“You’re blessed when you get your inside world—your mind and heart—put right. Then you can see God in the outside world”— Matthew 5:8 (MSG).
Recently I came across an article titled, “10 Of the Most Unexpectedly Powerful Things in The World.” Scanning the article, I was amazed at the information provided by the author. Some of the most powerful things in the world are related to the animal kingdom.
I experienced one of the most powerful things in the animal kingdom while on a mission trip to Costa Rica several years ago. Watching ants marching in a line across the dry soil, I was astonished to see each one toting a leaf on their backs. Later, I learned they are called leafcutter ants. These ants can lift up to 50 times their body weight, which—according to this article—is the equivalent of a human casually lifting a truck.
I’m convinced, however, that love is the most powerful thing in the world. Not the love of romance novels and movies, but the kind of love that led Jesus to surrender to a bloody death on a wooden cross. It’s called agape love.
What is Agape Love?
In this noisy, broken world with the news of division among families, neighbors, and friends, hatred seems to reign. Social media is filled with rants and threats.
We wring our hands in despair and wonder how we should respond. Should we react in defense of our beliefs or follow the example of our Savior and Lord? Our animal instinct might lead us to throw the next punch, but that’s not what Jesus displayed on the cross or during his three-year ministry.
We’re to rise above the chaos and show agape love, a love that doesn’t say, “What’s in it for me?” Agape love is sacrificial love. It shows action.
Taking Action in this World
When we’re wrapped up in “self,” we’re unable to display agape love. As Christians, we’re called to humble ourselves before the Lord and put others before ourselves. What might that look like in today’s world?
In God’s eyes, agape love looks something like this: mentoring a troubled teen, volunteering at a local soup kitchen, making time to visit and listen to a homebound lonely senior, collecting blankets or food to donate to a homeless shelter, delivering meals to the ill who are stuck at home, forgiving those who have hurt us. The list could go on indefinitely.
James 2:26 tells us “For as the body without the spirit is dead, so faith without works is dead also.” We can attend church every Sunday but walk away with a dead spirit, a spirit dedicated to “self” and not others
Dedicated to Others
When our minds and hearts align, we can serve others with the love of God and expect nothing in return. Our spirits come alive, and we reflect the goodness of our loving, compassionate God. It is only then that our lives reflect the value of an effective life.

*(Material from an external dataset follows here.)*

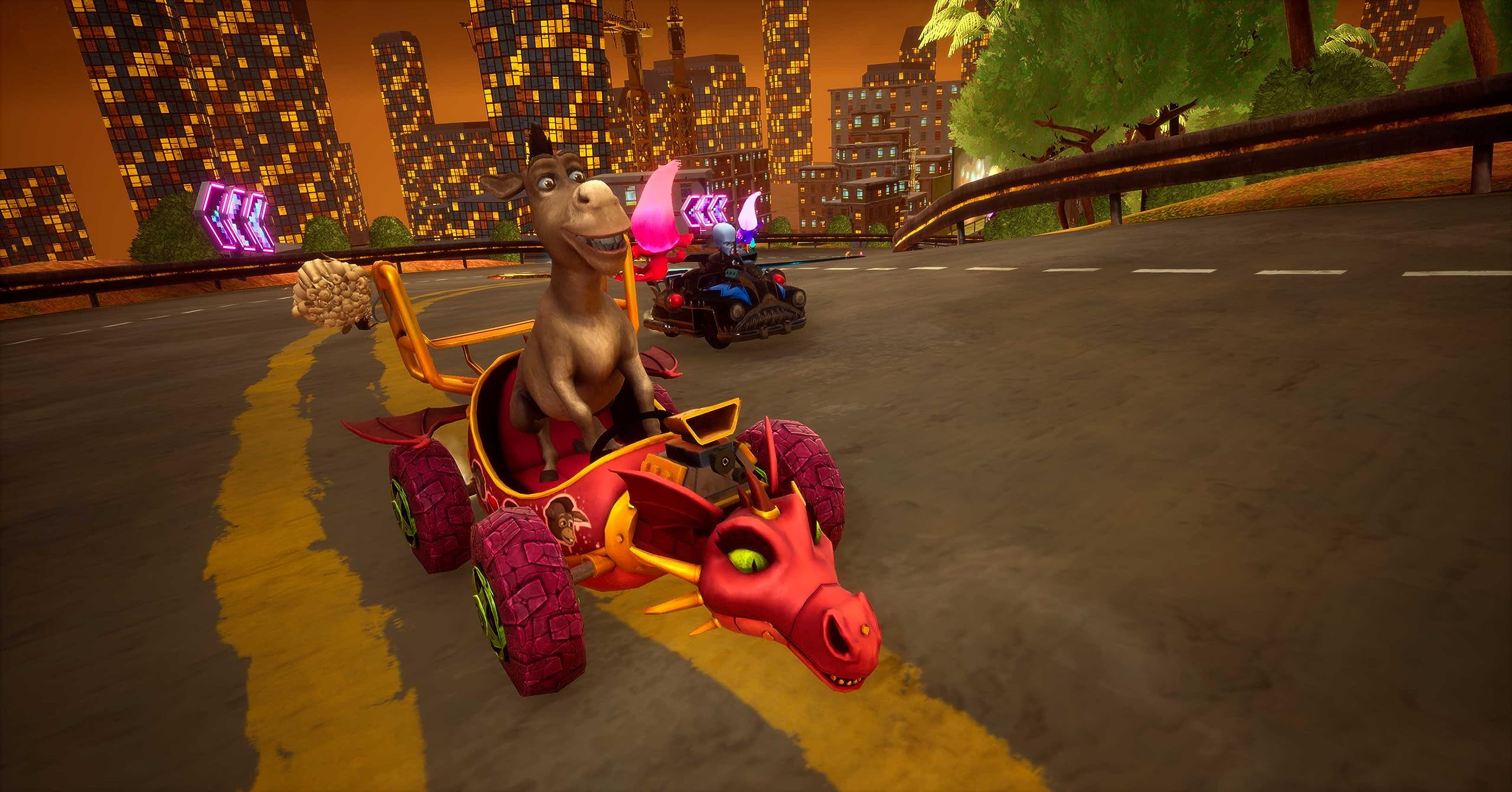 Dreamworks All-Star Kart Racing for Playstation 5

Minister and author Myles Monroe once said, “The value of life is not in its duration but in its donation. You are not important because of how long you live, you are important because of how effective you live.”
The most powerful thing in the world is love—a selfless love we can only hope to attain through a relationship with Jesus Christ. One can profess to be a Christian, but the question is “Are you only dedicated to self?” or, “Are you a Christ-follower, a disciple who leaves the pew to be the hands and feet of Jesus?”